What is being touted as a landmark agreement has been signed between Aboriginal people in the Three Rivers region of New South Wales and the state’s government.
The Three Rivers Local Decision Making Accord affects 12 communities stretching from Lithgow in the east to Nyngan in the West.
It allows for shared decision-making by the Aboriginal Three Rivers Regional Assembly and the NSW government.
Assembly chairman Rod Towney said it was a major step forward for Aboriginal people in the region.
“This is the first time we as Aboriginal people have been invited to the table to negotiate with government on an even footing about how services are delivered,” Mr Towney said.

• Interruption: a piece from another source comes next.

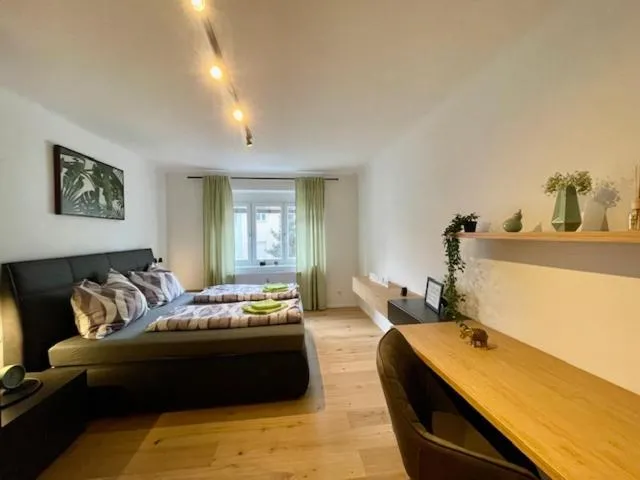 Image 1 of Stylisches Cityapartment mit Schloßbergblick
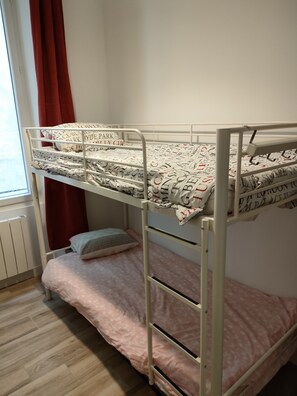 2 bedrooms, travel cot, free WiFi - Newly renovated apartment Joliette Marseille (Marseille)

“This marks huge progress and a solid base from which the assembly and government can implement the commitments we have negotiated.”
NSW Head of Aboriginal Affairs Jason Ardler said it was a pathway for Aboriginal communities to improve capacity to govern.
“It is building capacity and promoting genuine leadership in Aboriginal communities,” he said.
“It supports local leaders to build on existing strengths and work with their communities to drive innovation and change, grasp opportunities, and show them an alternate future.”
Priority areas include housing, education, health and economic development.
NSW Minister for Aboriginal Affairs Sarah Mitchell visited Dubbo on Monday to sign the agreement, which she said was an important milestone.